Note: See my first post for more context.

I am developing an small Active Directory infrastructure for the Computer Science Department Linux/Windows lab environment at Taylor University. Lab users have a central user space shared by both the Linux and Windows profiles, which authenticate from to Active Directory. Our Windows profile setup utilizes folder redirection to the network share for most profile folders (Desktop, Music, Pictures, Downloads, AppData/Roaming, etc), while our Linux space is NFS mounted by clients. Since we favor Linux administration, we prefer to keep our user files stored on a Linux file system. The Samba4 server grants CIFS access to Windows users, while Linux users can automount via NFS. LDAP authentication is handled through Kerberos on both the Windows and Linux clients. While Windows clients are joined to the Domain, Linux treats Active Directory merely as a Kerberized LDAP server. Finally, each user account is extended with a posixAccount class allowing us to give each user the uid, gid, unix home directory, and login shell attributes they need to properly interface with nslcd (the ldap client daemon) for Linux logins.

Prerequisites

I started by setting up two Windows Server 2008 R2 machines. I created a new domain, installed the Active Directory Domain Services and DNS roles via the dcpromo.exe utility, configured both machines as domain controllers. This process is very well documented by Microsoft so I won’t describe it here. It’s important to ensure that directory and DNS replication is happening between these machines. I chose two Windows domain controllers for a few reasons:

  1. Demoting any DC appears to fail when a Samba4 DC exists in the domain. I’m not sure if this is specific to my setup, but it’s just one of the many bugs I’ve found so far (I hope they fix it soon). As such, I don’t really trust S4 to keep my production directory data intact, and if I have to demote (read: manually delete) my Windows DC for any reason, I want the directory data housed within Windows DC.
  2. Related to the above comment, I’m not comfortable yet entrusting S4 with master roles, thus I need two Windows boxes in case I need to bring one down.
  3. Active Directory is highly reliant on DNS. As such, I strongly prefer the Windows DNS to a hacked up BIND solution or S4’s brand new internal system. Having a two replicating Windows DNS servers is even better.
  4. Apparently, the Samba4 DNS doesn’t play well with Windows DNS yet. Once again, if I have to choose…
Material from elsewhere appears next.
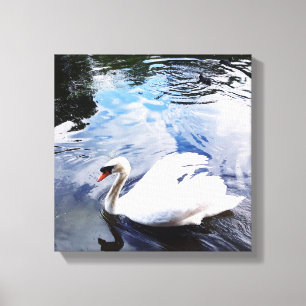 SWIMMING SWAN Stretch Canvas Print
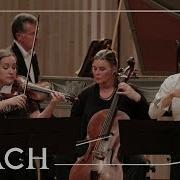 Concerto For Two Violins In D Minor Bwv 1043 Allegro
Anyway, after configuring the Windows machines, the next step was to create an Ubuntu Linux server (I chose Ubuntu because it’s heavily favored by the Samba4 team) and join it as a DC to the existing Windows domain. You first need to prepare your server for Samba4. Then, you need to setup Samba to join an existing domain.

Rather than regurgitate what is already stated on that Wiki, I’ll just note some things.

Kerberos

When you setup the Kerberos configuration file as stated in the Wiki, it’s important to test it out via kinit administrator@YOURREALM. By authenticating, you’ve requested a ticket from the Kerberos server, which is then placed in the default ticket cache, located at /tmp/krb5cc_0. If this isn’t working properly, the provision step will fail–probably with an LDAP authentication error.

Domain Name Service

If you’ve followed the Wiki instructions correctly up to this point, the provision step should work. After doing lots of test provisions, I’ve noticed that the DNS replication doesn’t always work (this is actually a known documented issue I guess). You can run the test commands they give you in the Wiki, or use the Windows DNS GUI to check that entries exist–my preferred approach. The Active Directory DNS tree heavily utilizes SRV records for services. The main ones we care about are Kerberos, LDAP, and GC (Global Catalog). Browse the DNS tree and make sure that you can see your Samba4 server listed along with the other Windows DC’s. In my configuration I noticed that under DomainDNSZones and ForestDNSZones, my Samba4 server is not listed. I think this is intended behavior because the Windows DNS and Samba4 DNS don’t work together quite yet.
If you notice that those entries don’t exist, there’s a handy script called samba_dnsupdate, located in INSTALL_DIR/samba/sbin/. That should replicate the DNS entries you need to the Windows DC’s. In the cases where the provision step failed to do this for me, running that script fixed the problem. Your mileage may vary.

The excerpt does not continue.